The next day he relieved Junie Barnes in the seventh. Only giving up one hit, Vander Meer gave up five runs in the eighth; for the game, he struck out four, walked five, and hit batter Harlond Clift before being relieved by Ray Davis. Johnny was the losing pitcher.

On April 21, he faced the Atlanta Crackers in his first start for the Vols, another cold affair that was eventually called due to darkness that ended in a 4-4 tie. Continuing to relieve for manager Lance Richbourg, on May 3 Vander Meer was given his second start, this time in Birmingham. He allowed two runs in five innings before being yanked for Red Ahearn.

In Nashville’s Sulphur Dell on May 9, Johnny started against New Orleans, but did not finish in the Vols 15-8 trouncing of the Pelicans. Having appeared in 31 innings in eight games but with no wins, he started against the Travelers in Little Rock on May 19, but did not last the inning after walking the first three batters he faced. He was the losing pitcher.

With 25 bases on balls in 32 innings, his arm control was beginning to show. By June 1 he was gone, sent to Durham (Class B, Piedmont League). Still under contract to Nashville, Vander Meer found his curve ball under the tutelage of manager Johnny Gooch, and won 19 games while losing only 6 with a 2.65 ERA.

Most impressive were his 272 strikeouts in 194 innings. He struck out 20 in one game, 19 and 18 in two others. “Vandy” was named The Sporting News Minor League Player of the Year for 1936.

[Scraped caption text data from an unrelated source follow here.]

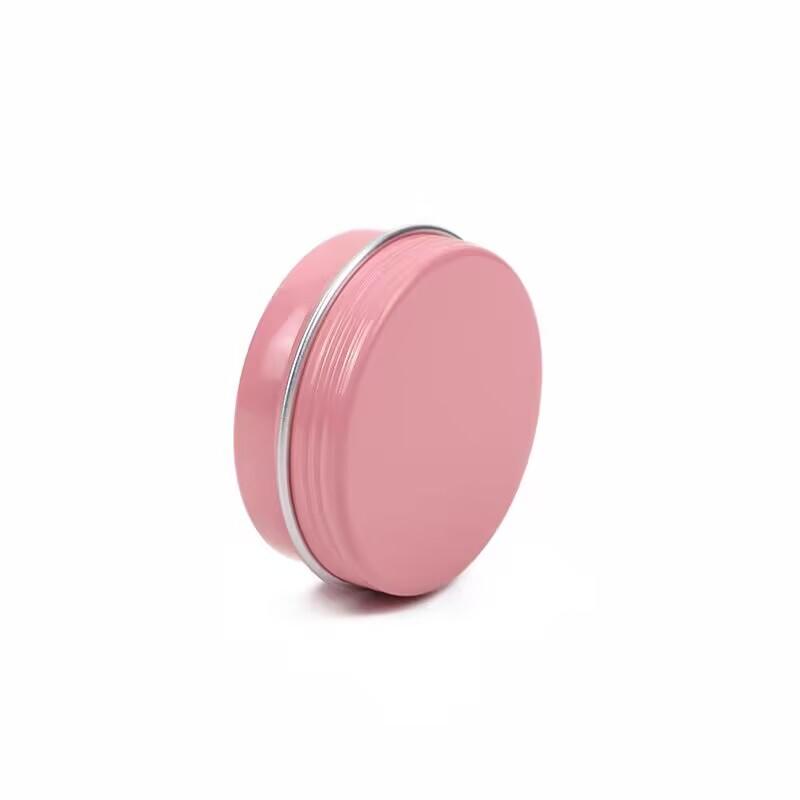 50pcs 25g Aluminum Tin Jars 25ml Pink Color Metal Container Cosmetic Face Eye Cream Packing Empty Can Lip Balm Candle Jar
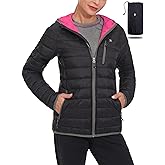 Little Donkey Andy Women's Packable Lightweight Puffer Jacket Hooded Windproof Winter Coat with Recycled Insulation
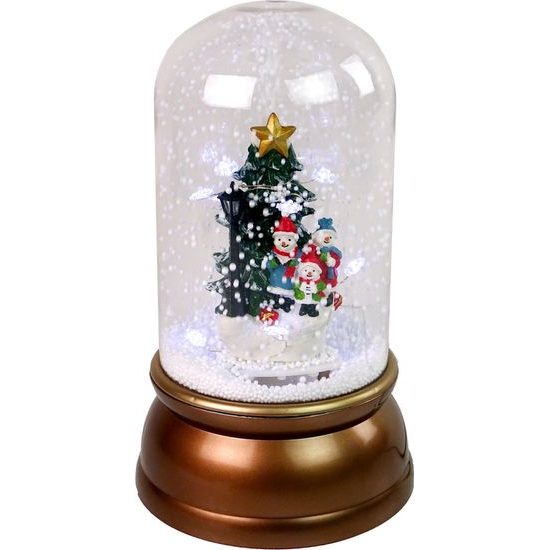 Vánoční svítící sněžítko s hudbou sněhuláci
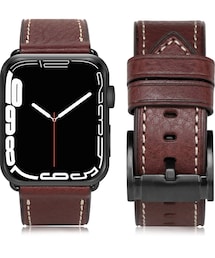 Apple Watch バンド | 49㎜ 本革ベルト　バーガンディ(ファッション雑貨)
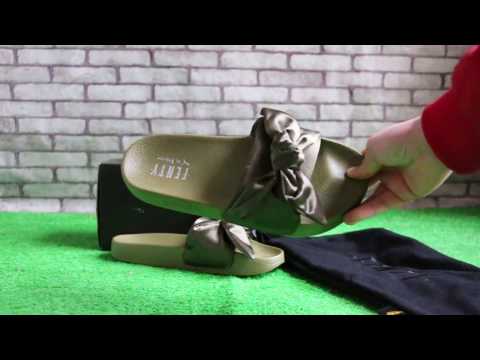 Puma x Rihana Leadcat Fenty Slipper with Bowknot HD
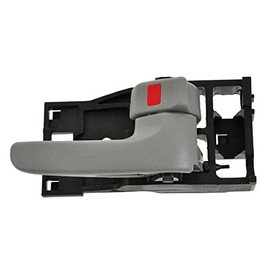 TRQ Rear Right Interior Door Handle Charcoal Gray Passenger Side Compatible with 2001-2007 Toyota Sequoia 2004-2006 Tundra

Sold by the Vols to Cincinnati, he was invited to spring training and spent the season between the Reds where he was 3-4 with a 3.84 ERA, and Syracuse (Class AA – International League) where he was 5-11 with a 3.34 ERA.

He was an All Star for Cincinnati in 1938 and threw consecutive no-hitters, the only player to ever accomplish the feat. His first came against the Boston Bees on June 11 in Cincinnati and the second was accomplished against the Brooklyn Dodgers on June 15, the first night game ever played at Ebbets Field.

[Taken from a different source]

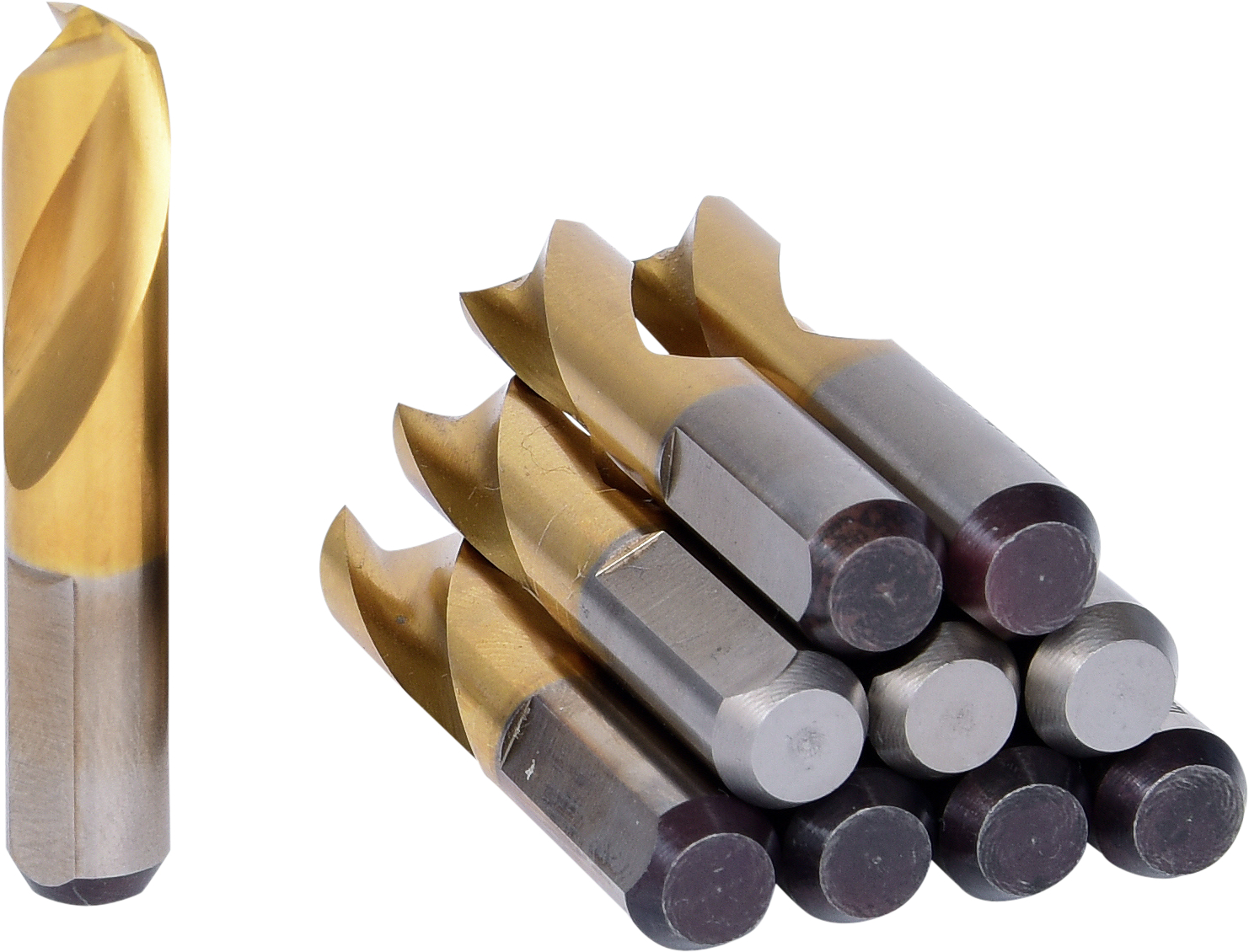 KS Tools HSSE-TiN Schweißpunkt-Bohrer, Ø 8mm, 10er Pack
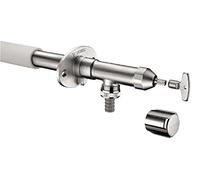 Schell 18260 7 Outlet Valve, Frost-Proof for The Outside Wall, 1/2 inch, Chrome-Plated Brass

Four days later, on June 19 in Boston, he no-hit the Braves until one out in the fourth inning when Debs Garms hit a single. The streak ended at 21 1/3 innings, which included the batter Vander Meer retired in the game before his first no-hitter.[2]

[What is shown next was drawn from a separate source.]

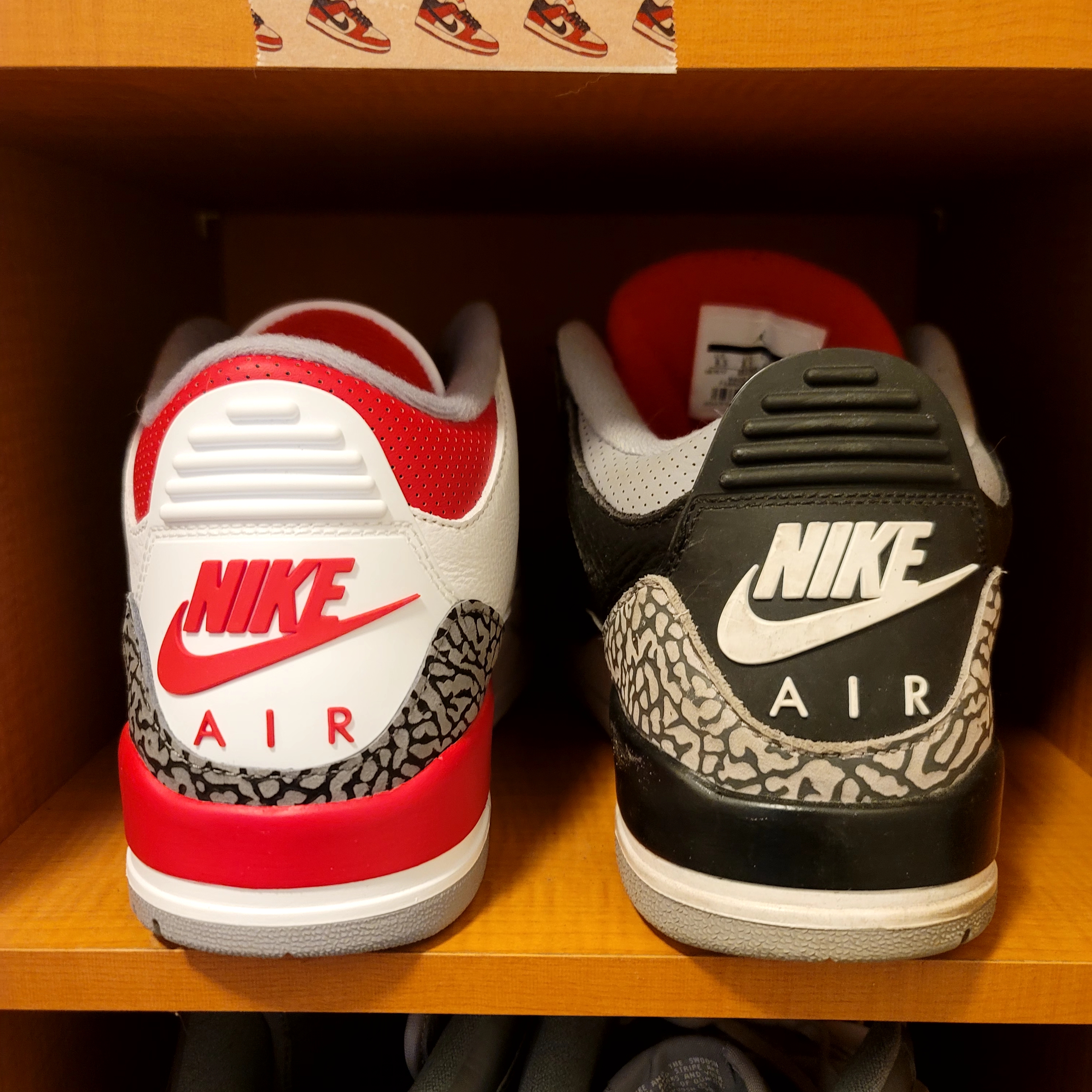 Jordan 3 Retro Fire Red 2022, Jordan 3 Retro OG Black Cement 2018 착용 스타일 - 1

Named The Sporting News Major League Player of the Year that season, Johnny was also named to the All Star team in 1939, 1942, and 1943.

His lifetime 119-121 record included 1,294 strikeouts, and he led the league in that category for three consecutive seasons; 1941 (202), 1942 (186), and 1943 (174).

Upon his release from the Cleveland Indians in 1951, he pitched in 24 games for Tulsa and won 11, losing 10. But on July 15, 1952, 14 years and one month after his record performance, he hurled a no-hitter in a Texas League game against Beaumont.

Oddly enough, Beaumont manager Harry Craft was centerfielder for the Reds and made the final putout in the second no-hitter by Vander Meer. The ball was hit by future Hall of Famer Leo Durocher of Brooklyn.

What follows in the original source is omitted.